ENGOs advise on approach to Long-Term Energy Plan Review

CELA joined several ENGOs in making recommendations to Ontario’s Ministry of Energy on the structure of upcoming Long-Term Energy Plan public consultations. We want to ensure that the public is adequately consulted and there’s an opportunity to review alternative scenarios for Ontario’s energy future. We’re encouraging the government to focus on transitioning to a community-based system as envisioned in its Climate Change Action Plan.

Seeking the end of PBDEs in the Great Lakes

CELA commended the International Joint Commission’s Water Quality Board (IJC WQB) on the recent release of its report, which included recommendations on harmful Polybrominated Diphenyl Ethers (PBDEs) in the Great Lakes. CELA supports the IJC WQB’s five recommendations for binational efforts to address growing concerns about PBDEs in the Great Lakes.

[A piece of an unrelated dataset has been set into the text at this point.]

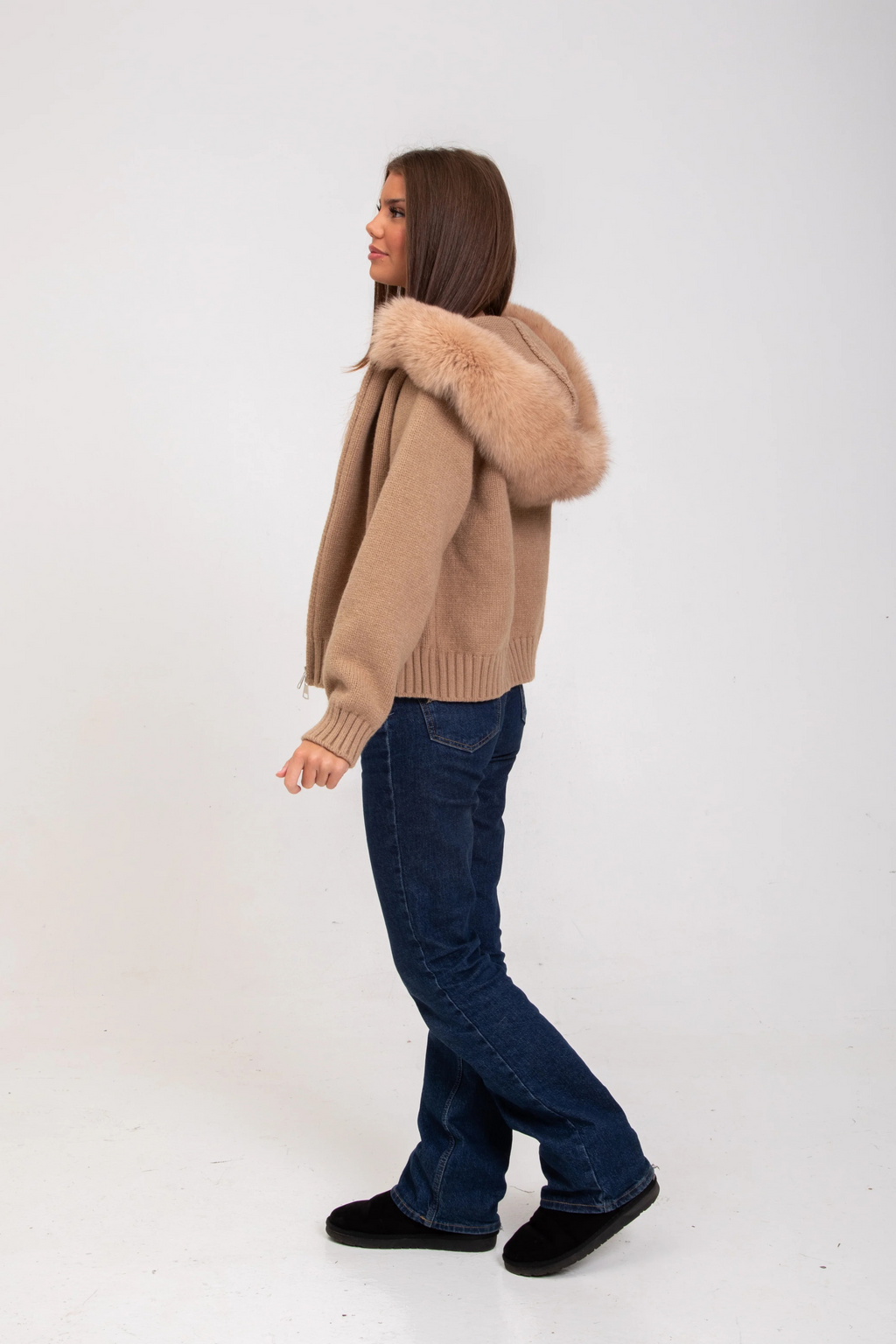 Knitted Coat with Faux Fur Hood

BLOG: The Ottawa River’s best kept secret

CELA Executive Director Theresa McClenaghan visited the Ottawa River’s waterfront in the town of Deep River, after site tours at Chalk River Nuclear Laboratories and the nuclear demonstration plant near Rolphton, Ontario. A sign at Deep River’s waterside park says it is Ontario’s “best kept secret.” It’s all too accurate, she writes. And not in a good way.


Faces of CELA

This month we caught up with CELA board member Lauren Alcorn. In addition to her role with CELA, Lauren works on poverty alleviation through access to water and sanitation projects in India and is based in Montreal with the ONE DROP Foundation. She’s also worked for the United Nations Association in Canada and Schools Without Borders. Lauren has lived, studied and worked in Denmark, Cuba, Ghana, India and Central America.

Why did you get involved with CELA?
The work that CELA does in protecting the environment, our health, and law reforms is really interesting and inspiring. To be a member of the board and support the organization in its efforts enables me to be part of something bigger.

What’s the path that brought you to CELA?
At the time I joined CELA’s board (about 8 years ago), I was working on a nationwide program for youth and the right to water. CELA’s work on source water protection and the Walkerton Inquiry helped us understand our civic duty and the essential role that youth need to play in the protection and conservation of this precious life source.

What’s the connection between international development and CELA’s work?
I am currently working in the WASH (water sanitation and hygiene) sector on projects in Asia, where access to safe drinking water and sanitation is a major challenge. But this dire situation is not limited to the developing world. It’s becoming more prevalent across North America. There are many lessons to be learned and a lot of knowledge to be shared among all nations, especially in the years to come.

What’s an important environmental regulation you’d like to see implemented in Canada?
When it comes to water source protection, we need to be looking at it from a watershed perspective. It’s important to regulate and collaborate with all stakeholders invested in and around the watershed so that we can be part of creating a holistic and comprehensive approach to protection and conservation.

When you’re not busy working, what do you like to do?
I travel a lot for work, so when I’m home I like to spend my down time with my two boys doing puzzles, baking, arts and crafts and being silly. They remind me to slow down and be in the moment. Life as a kid is sweet.


Farewell, Erica!

We’re sad to say goodbye to Erica Stahl. Erica joined CELA as an articling student and stayed on with us as counsel supporting several of CELA’s litigation files, law reform initiatives, and research projects, including working with the ARCH Disability Law Centre on a soon-to-be-published paper analyzing the legal rights of those affected by multiple chemical sensitivities. CELA staff were among many of Erica’s fans supporting her successful participation in the epic Friends for Life Bike Rally from Toronto to Montreal this summer. Our loss is Vancouver’s gain. We wish her all the best!